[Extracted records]
# # # # #

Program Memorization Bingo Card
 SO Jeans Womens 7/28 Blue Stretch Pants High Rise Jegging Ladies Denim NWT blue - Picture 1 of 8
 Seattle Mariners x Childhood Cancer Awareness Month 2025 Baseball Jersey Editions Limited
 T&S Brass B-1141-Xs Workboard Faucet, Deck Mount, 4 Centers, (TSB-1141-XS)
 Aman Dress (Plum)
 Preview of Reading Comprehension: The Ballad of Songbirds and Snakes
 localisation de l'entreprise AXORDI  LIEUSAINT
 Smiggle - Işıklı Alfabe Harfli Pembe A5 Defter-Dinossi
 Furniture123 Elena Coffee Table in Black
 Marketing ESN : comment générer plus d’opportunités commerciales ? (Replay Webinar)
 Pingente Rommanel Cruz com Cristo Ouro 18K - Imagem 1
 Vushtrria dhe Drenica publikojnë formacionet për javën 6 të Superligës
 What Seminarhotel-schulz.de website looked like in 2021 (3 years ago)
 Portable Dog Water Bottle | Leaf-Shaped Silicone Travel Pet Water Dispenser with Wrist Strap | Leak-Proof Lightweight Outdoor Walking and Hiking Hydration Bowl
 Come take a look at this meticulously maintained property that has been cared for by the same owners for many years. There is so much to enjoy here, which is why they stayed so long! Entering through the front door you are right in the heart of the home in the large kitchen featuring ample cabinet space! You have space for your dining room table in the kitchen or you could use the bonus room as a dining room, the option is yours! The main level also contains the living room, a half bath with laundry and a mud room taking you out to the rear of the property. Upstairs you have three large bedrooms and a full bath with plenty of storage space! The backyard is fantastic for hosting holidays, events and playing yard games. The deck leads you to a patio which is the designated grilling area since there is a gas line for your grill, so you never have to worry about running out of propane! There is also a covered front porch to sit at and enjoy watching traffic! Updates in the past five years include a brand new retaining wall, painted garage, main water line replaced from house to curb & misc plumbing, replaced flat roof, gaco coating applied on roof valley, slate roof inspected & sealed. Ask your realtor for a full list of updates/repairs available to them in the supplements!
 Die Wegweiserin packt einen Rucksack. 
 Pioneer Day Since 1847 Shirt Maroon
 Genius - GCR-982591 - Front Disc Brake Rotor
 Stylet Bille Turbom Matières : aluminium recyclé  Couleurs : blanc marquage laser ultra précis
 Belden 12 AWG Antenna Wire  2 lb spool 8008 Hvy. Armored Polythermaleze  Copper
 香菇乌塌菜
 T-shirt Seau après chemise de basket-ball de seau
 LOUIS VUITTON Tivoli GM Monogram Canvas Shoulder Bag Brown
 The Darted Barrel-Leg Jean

# # # # #

_WHAT NEEDS TO BE DONE_
Wherever the string "years" appears in the entries, copy that line.

_REPLY TO THE EXERCISE_
 What Seminarhotel-schulz.de website looked like in 2021 (3 years ago)
 Come take a look at this meticulously maintained property that has been cared for by the same owners for many years. There is so much to enjoy here, which is why they stayed so long! Entering through the front door you are right in the heart of the home in the large kitchen featuring ample cabinet space! You have space for your dining room table in the kitchen or you could use the bonus room as a dining room, the option is yours! The main level also contains the living room, a half bath with laundry and a mud room taking you out to the rear of the property. Upstairs you have three large bedrooms and a full bath with plenty of storage space! The backyard is fantastic for hosting holidays, events and playing yard games. The deck leads you to a patio which is the designated grilling area since there is a gas line for your grill, so you never have to worry about running out of propane! There is also a covered front porch to sit at and enjoy watching traffic! Updates in the past five years include a brand new retaining wall, painted garage, main water line replaced from house to curb & misc plumbing, replaced flat roof, gaco coating applied on roof valley, slate roof inspected & sealed. Ask your realtor for a full list of updates/repairs available to them in the supplements!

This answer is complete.